Greg Mann updated MESOS-5635:
-----------------------------
    Summary: Agent repeatedly reregisters, possible one-way disconnection  
(was: Agent repeatedly reregisters, possible one-way partition)

> Agent repeatedly reregisters, possible one-way disconnection
> ------------------------------------------------------------
>
>                 Key: MESOS-5635
>                 URL: https://issues.apache.org/jira/browse/MESOS-5635
>             Project: Mesos
>          Issue Type: Bug
>            Reporter: Greg Mann
>              Labels: agent, mesosphere
>
> This issue was observed recently on an internal test cluster. Due to a bug in 
> the agent code (MESOS-5629), regular segfaults were occurring on an agent. 

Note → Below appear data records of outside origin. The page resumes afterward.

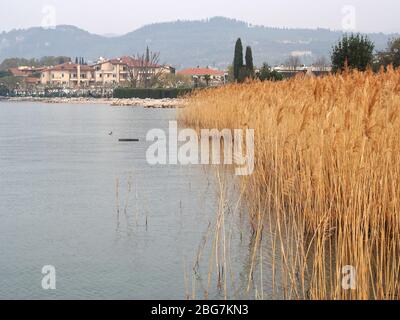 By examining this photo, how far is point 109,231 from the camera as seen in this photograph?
8.97 m

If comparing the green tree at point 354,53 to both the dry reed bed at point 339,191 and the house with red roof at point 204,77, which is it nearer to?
the dry reed bed at point 339,191

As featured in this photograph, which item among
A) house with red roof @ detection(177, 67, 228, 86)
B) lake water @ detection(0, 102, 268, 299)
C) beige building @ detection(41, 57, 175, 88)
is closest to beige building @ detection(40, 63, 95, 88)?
beige building @ detection(41, 57, 175, 88)

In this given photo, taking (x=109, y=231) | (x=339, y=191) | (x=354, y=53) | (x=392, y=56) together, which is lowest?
(x=109, y=231)

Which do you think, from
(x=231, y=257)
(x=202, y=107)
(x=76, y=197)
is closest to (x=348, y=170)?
(x=231, y=257)

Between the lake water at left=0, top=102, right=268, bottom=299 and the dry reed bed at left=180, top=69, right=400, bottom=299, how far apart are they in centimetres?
67

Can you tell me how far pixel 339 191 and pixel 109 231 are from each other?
10.4ft

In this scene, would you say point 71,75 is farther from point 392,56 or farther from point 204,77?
point 392,56

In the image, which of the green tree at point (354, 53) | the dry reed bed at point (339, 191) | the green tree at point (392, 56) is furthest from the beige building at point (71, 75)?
the dry reed bed at point (339, 191)

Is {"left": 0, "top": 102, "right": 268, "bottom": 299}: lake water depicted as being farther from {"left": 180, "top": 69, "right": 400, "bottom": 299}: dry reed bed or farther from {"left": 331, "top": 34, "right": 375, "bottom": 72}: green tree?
{"left": 331, "top": 34, "right": 375, "bottom": 72}: green tree

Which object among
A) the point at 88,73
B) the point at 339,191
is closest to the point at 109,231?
the point at 339,191

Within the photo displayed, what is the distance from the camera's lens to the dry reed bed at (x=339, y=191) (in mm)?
5750

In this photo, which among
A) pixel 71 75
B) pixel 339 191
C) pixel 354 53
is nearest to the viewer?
pixel 339 191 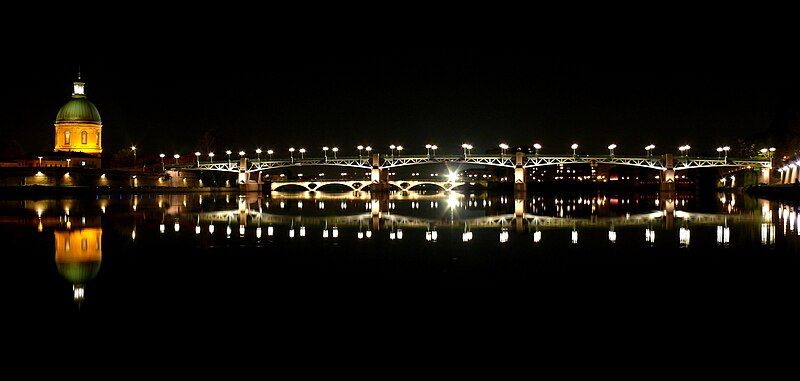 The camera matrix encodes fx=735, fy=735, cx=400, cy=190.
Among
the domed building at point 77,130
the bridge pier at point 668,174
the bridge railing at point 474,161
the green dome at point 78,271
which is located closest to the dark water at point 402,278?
the green dome at point 78,271

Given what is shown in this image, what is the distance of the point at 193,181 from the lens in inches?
5354

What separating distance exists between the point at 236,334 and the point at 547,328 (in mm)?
3873

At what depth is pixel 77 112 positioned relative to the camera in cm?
13300

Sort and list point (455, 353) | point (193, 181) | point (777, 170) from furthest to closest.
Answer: point (193, 181), point (777, 170), point (455, 353)

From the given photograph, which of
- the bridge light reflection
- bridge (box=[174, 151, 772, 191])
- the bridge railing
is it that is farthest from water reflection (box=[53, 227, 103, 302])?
the bridge railing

> While the agent was recovering from one of these failures, it segfaulted 
> again. After this time, we noticed that after beginning recovery, the agent 
> did not print {{Finished recovery}}, and its logs did not show any indication 
> of reregistering with the master. Looking at the master's logs, however, the 
> following line was observed repeatedly, at intervals on the order of seconds:
> {code}
> W0617 21:27:07.010679  2016 master.cpp:4773] Agent 
> 2b899dd3-3b1f-4520-a6b2-98e32196f723-S4 at slave(1)@10.10.0.87:5051 
> (10.10.0.87) attempted to re-register after removal; shutting it down
> {code}
> These re-registration attempts had no corresponding lines in the agent log.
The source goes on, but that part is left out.